Most teams treat discovery as a project. It is not. It is a continuous operational function that most organisations under-fund until the first major incident. After the incident, funding appears for one budget cycle, the immediate backlog gets cleared, and within twelve months the gap has reopened — because nobody changed the underlying staffing model. The pattern repeats every time leadership changes.

Featured Tool Runs fully in-browser

PKI Health Radar

Drag the sliders to assess your current posture — scores update instantly.

Why the gap exists

Certificates enter production through paths the CLM doesn't see. The patterns are predictable:

Direct issuance from cloud-native CAs. AWS Certificate Manager, Google-managed certificates in GCP, Azure Key Vault certificates. Each cloud provider issues certificates that often bypass the central CLM entirely. The application teams using these certificates are not deliberately routing around the CLM — they are using the path of least resistance their cloud platform offers.

Self-signed certificates in internal traffic. Service-to-service mTLS, internal admin interfaces, monitoring agents, container ingress. Self-signed certificates are functionally invisible to most CLMs because they were never issued by an authority the CLM is integrated with.

Legacy certificates from departed teams. Acquisitions, decommissioned products, deprecated services. Certificates were issued at the time, the team that owned them moved on, the certificate is still deployed and still working until it expires unexpectedly.

Shadow IT and unauthorised CAs. Certificates issued from internal CAs that were stood up for a project, never decommissioned, and continue issuing certificates that no-one with central PKI responsibility knows about.

Certificates issued and deployed correctly but not reconciled. The CLM issued them, but the integration with the asset management system or the platform inventory failed silently. The certificate exists in the CLM database and exists on the server, but the link between them was lost.

Each of these paths produces a different type of gap. Closing the gap requires multiple discovery sources, because no single source covers all paths.

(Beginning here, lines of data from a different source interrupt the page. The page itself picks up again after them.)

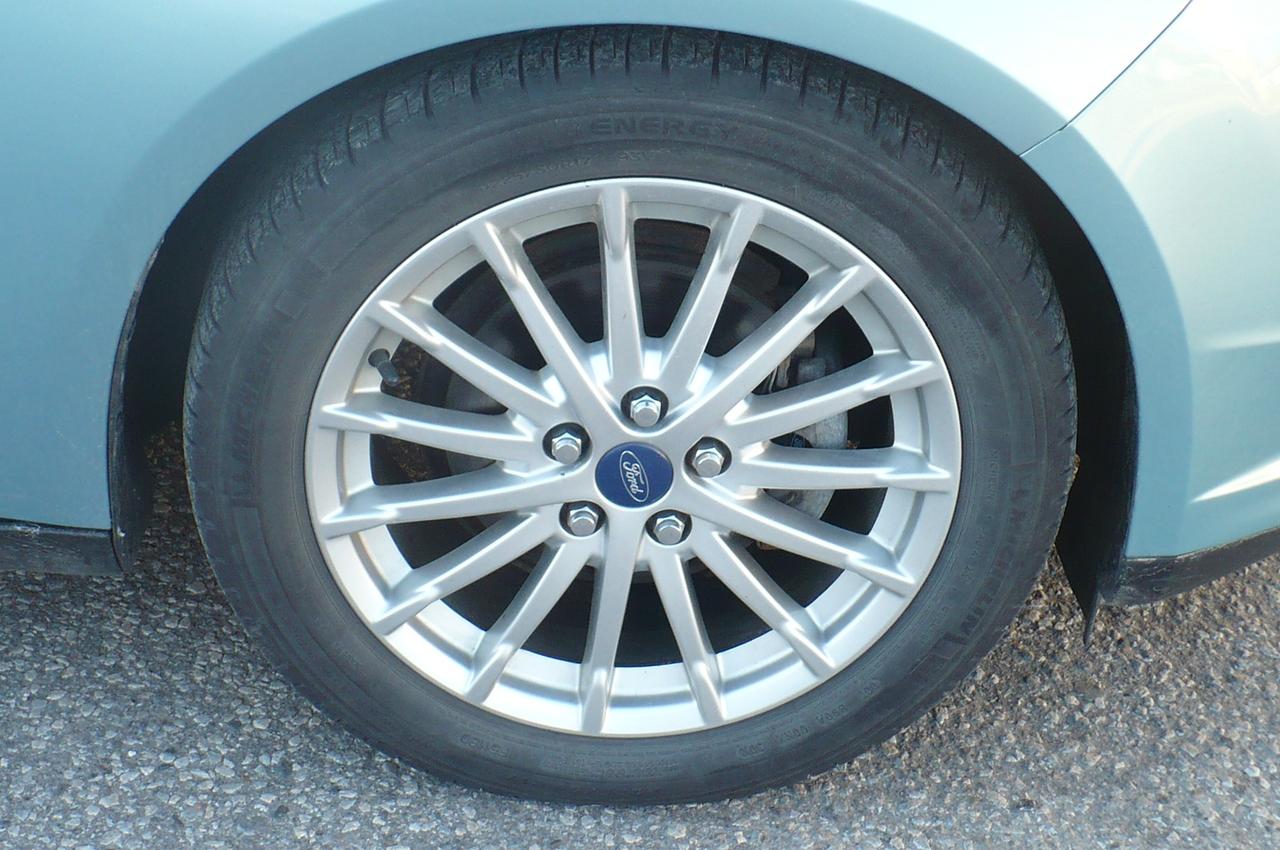 2012 Ford Focus 5dr HB Photo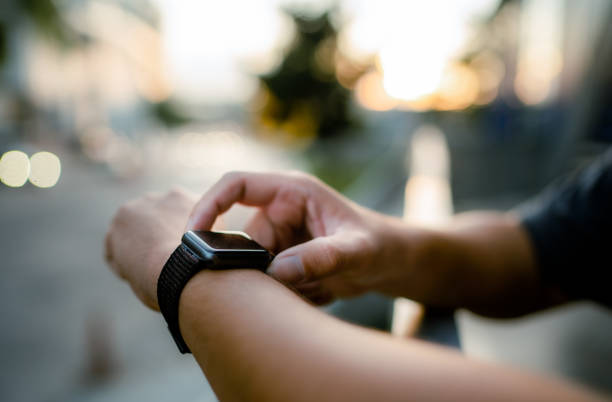 Qinux Titan PG: Robuste Outdoor-Smartwatch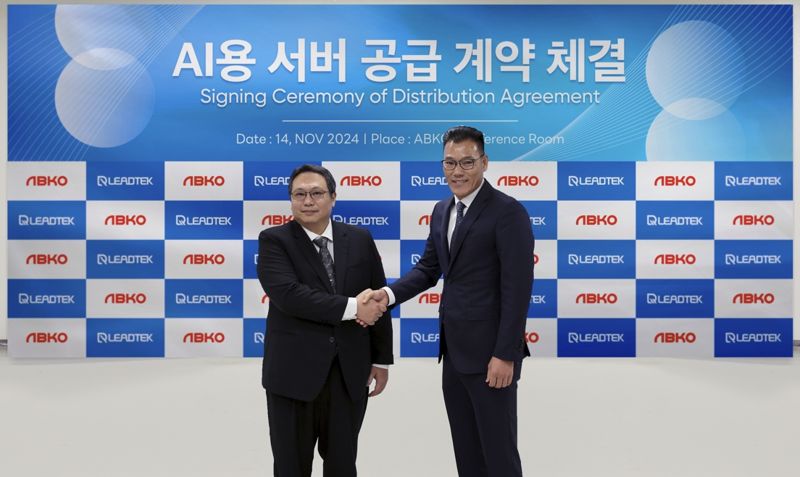 (왼쪽부터) 마유원 리드텍재팬 회장, 오광근 <span id='_stock_code_129890' data-stockcode='129890'>앱코</span> 대표이사가 지난 14일 AI 서버 공급 계약 체결 후 기념 촬영을 하고 있다. 앱코 제공
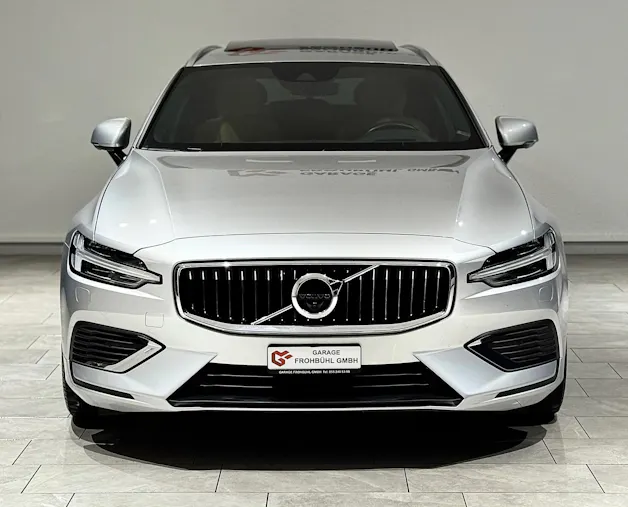 Volvo V60 T8 eAWD Twin Engine R-Design Geartronic l CH l 1.Hand l
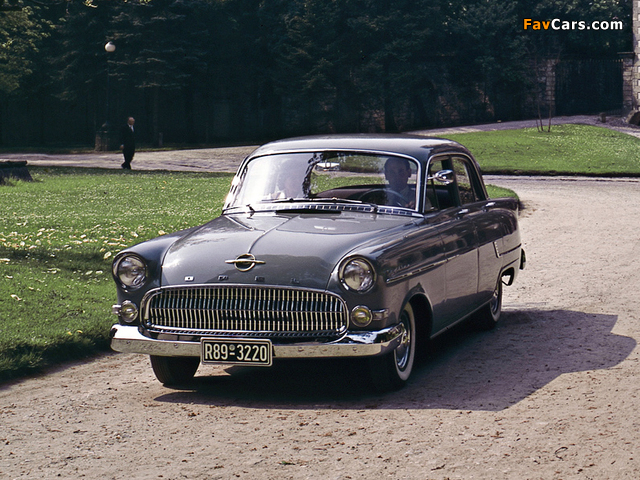 Images of Opel Kapitän 1956–58 (640 x 480)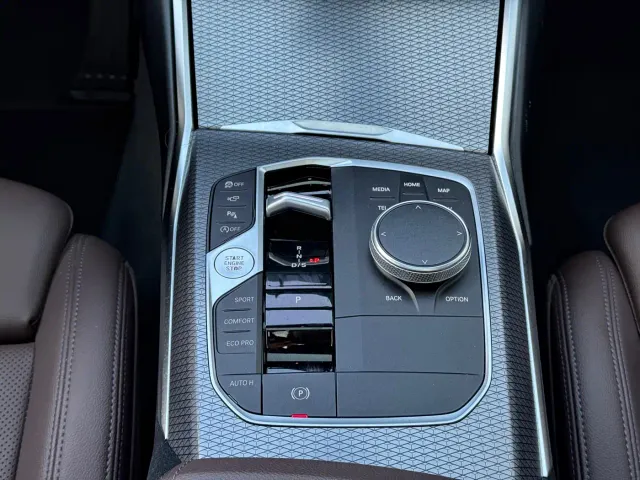 BMW 3 Series — Фото автомобиля 12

The three discovery modalities

Figure 1. The three certificate discovery modalities and what each one alone misses. Network scanning misses certificates that are issued but not currently being served. Issuance reconciliation misses certificates from unapproved or shadow CAs. Asset discovery misses certificates that are not referenced in configuration. The reconciled view in the centre is what the operating model has to construct.
Figure 1. The three certificate discovery modalities and what each one alone misses. Network scanning misses certificates that are issued but not currently being served. Issuance reconciliation misses certificates from unapproved or shadow CAs. Asset discovery misses certificates that are not referenced in configuration. The reconciled view in the centre is what the operating model has to construct.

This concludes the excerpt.